Characterization of commercial thermoelectric modules for precision heat flux measurement

Abstract

In this article, we present a cost-effective approach to the precision measurement of heat flux using commercial thermoelectric modules (TEMs). Two different methods of measuring heat flux with TEMs are investigated, namely, passive mode based on the Seebeck effect and active mode based on the Peltier effect. For both modes, a TEM as a heat flux meter is calibrated to show a linear relation between the voltage across the TEM and the heat flux from 0 to ∼450 W m−2. While both modes exhibit sufficiently high sensitivities suitable for low heat flux measurement, active mode is shown to be ∼7 times more sensitive than passive mode. From the speculation on the origin of the measurement uncertainty, we propose a dual TEM scheme by operating the top TEM in passive mode while its bottom temperature maintains constant by the feedback-controlled bottom TEM. The dual TEM scheme can suppress the sensitivity uncertainty up to 3 times when compared to the single-TEM passive mode by stabilizing the bottom temperature.
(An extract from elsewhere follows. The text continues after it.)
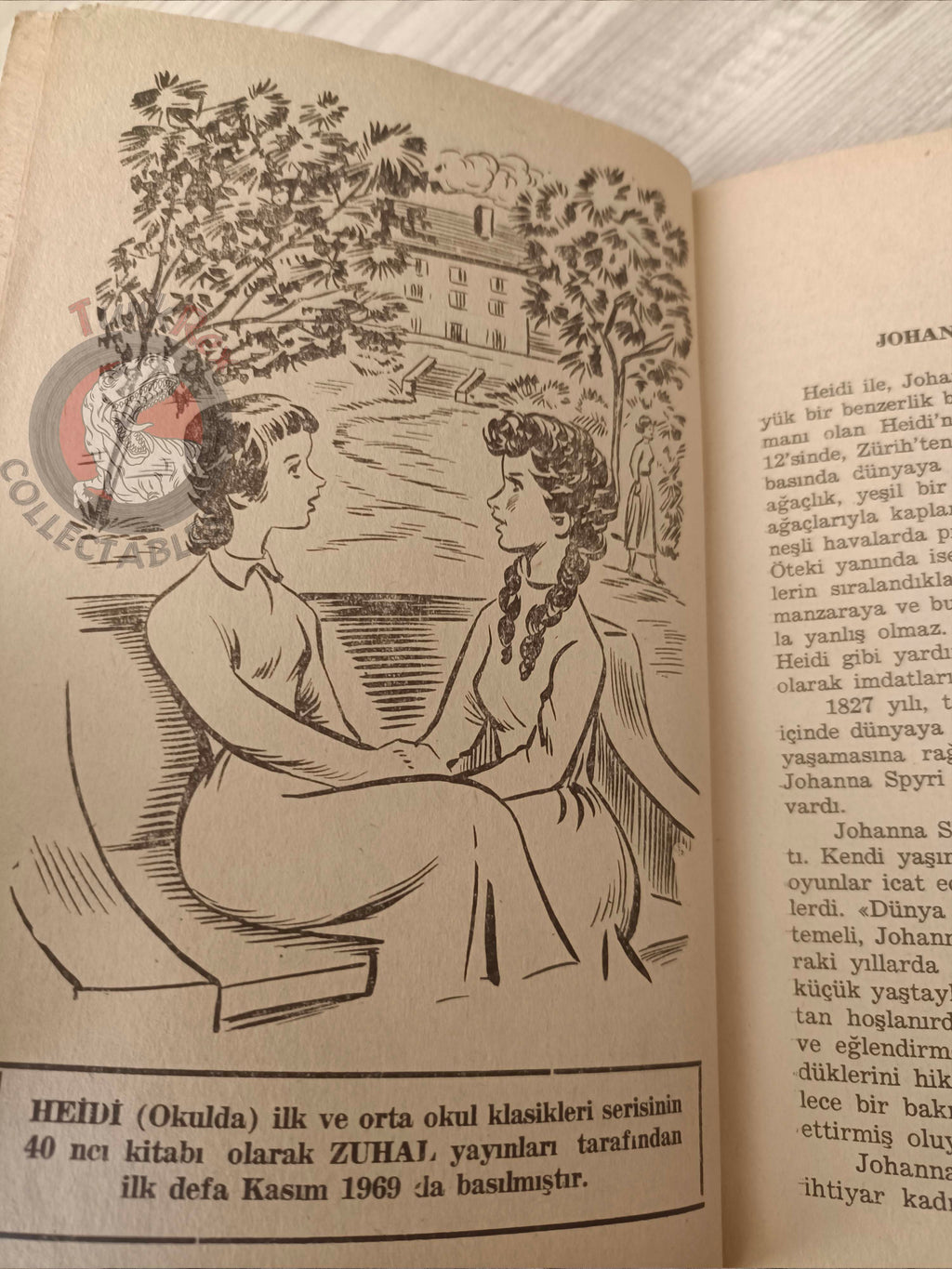 Johanna Spyri – Heidi Grows Up 1969 Turkish Book Turkey Illustrated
The response time of a 15 × 15 mm2 TEM is measured to be 8.9 ± 1.0 s for heating and 10.8 ± 0.7 s for cooling, which is slower than commercial heat flux meters but still fast enough to measure heat flux with a time resolution on the order of 10 s. We believe that the obtained results can facilitate the use of a commercial TEM for heat flux measurement in various thermal experiments.